Avis aux amateurs d'Histoire : n'hésitez-pas !
J. Milette a très bien résumé cet album.
Principale qualité, nous apprendre un morceau d'histoire quasiment inconnu des Français notamment le traitement infligé aux Philippins qui ressemble à celui subi par les Amérindiens.
Il faut être au calme et lire cette bd d'un trait pour ne pas être perdu (j'ai confondu les deux frères presque jusqu'à la fin).
Cette lecture, faute d'être divertissante, demeure instructive, d'autant plus que le présent se bâtissant sur le passé, elle aide à comprendre certains aspects de la politique étrangère de nos "alliés".
Si vous racontez cette histoire aux américains, je suis absolument certain qu’aucun ne vous croira. Eux qui se font les chantres de la liberté, comme beaucoup de nos nations devenues démocratiques, auraient du mal à accepter le génocide d’un million et demi de philippins surtout hispanophones car plus au fait des concepts d’indépendance et de liberté (comme écrit page 49 du tome 2). Chaque pays colonialiste porte en soi une part d’horreur et si aujourd’hui, en Europe, nous acceptons, en partie, ce lourd fardeau, je pense qu'il n'en est pas de même pour les Etats-Unis pourtant colonialistes sur le tard.

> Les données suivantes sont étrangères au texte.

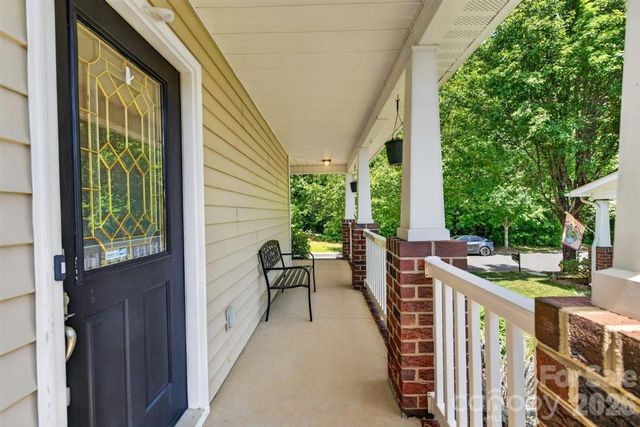 8007 Rolling Meadows Lane, Huntersville, NC 28078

Cette bd est une abominable histoire entre philippins indépendantistes, espagnols, anciens colonisateurs et américains soi-disant venus libérer mais venus en conquérants.
L'histoire est racontée via deux tomes poignants où tous les poncifs de l’atrocité et de la médiocrité humaine s’enchainent comme d'abominables maillons d’une chaîne monstrueuse.

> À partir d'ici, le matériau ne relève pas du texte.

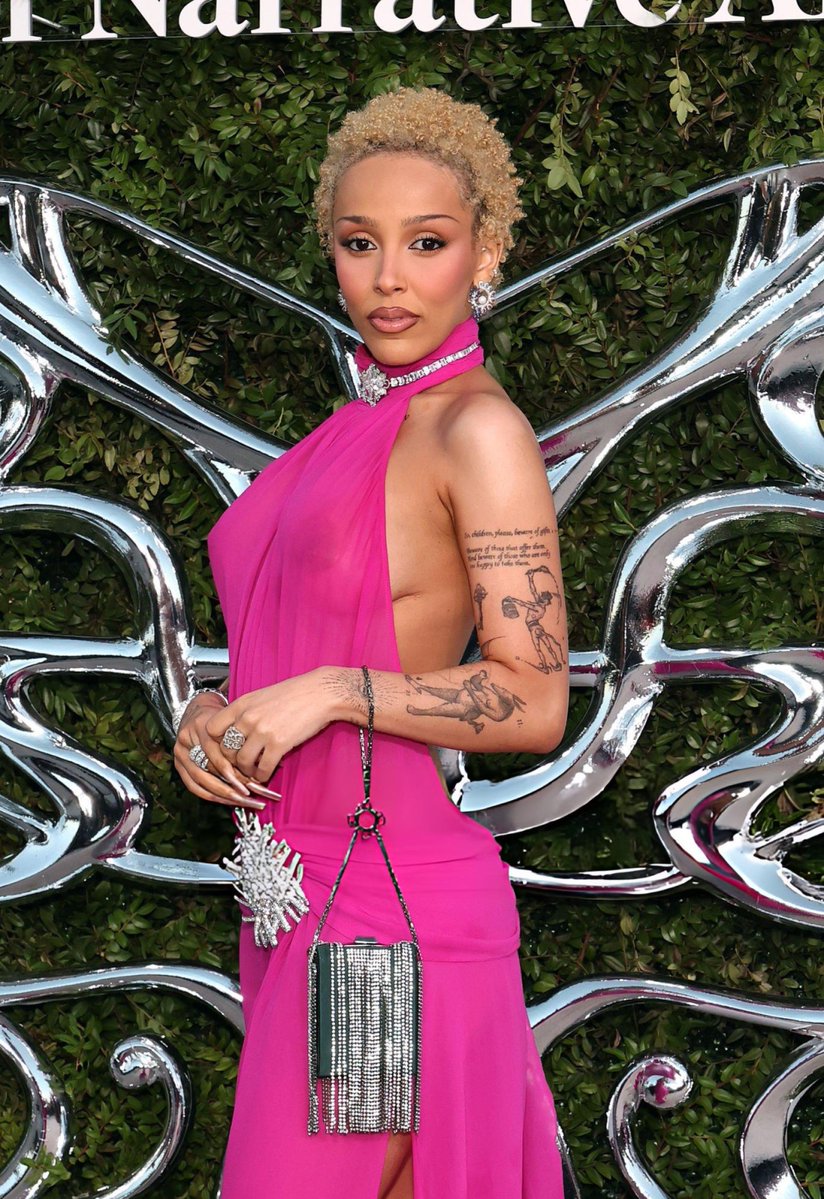 cloud9_2025's tweet photo. Doja Cat x Lucas Museum of Narrative Art Opening Night https://t.co/PyvWa3hCfN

Le graphisme apporte à l’ensemble un réalisme qui glace le sang engendrant une forme de dégoût sur les capacités de l’homme à haïr et à faire du mal à son prochain.
J’ai été scotché par la qualité de l’ensemble. Et je me dis, si tu parles de cette histoire autour de toi, il n’est pas certain que l’on te croie.
Les aventures des deux frères se poursuivent au milieu de la "grande histoire" et cela est fait de façon intelligente, on ne tombe pas dans un album purement didactique.
J'ai trouvé quelques lourdeurs dans les dialogues quand le scénariste utilise les différentes langues des protagonistes pour faire plus réaliste mais ce n'est qu'un détail.
Le dessin colle toujours aussi bien au sujet et permet de rendre parfaitement bien les scènes de combat.
En résumé, une bonne BD d'aventure de style western qui a le mérite de faire découvrir un pan méconnu de l'histoire des Philippines, de l'Espagne et des États-Unis.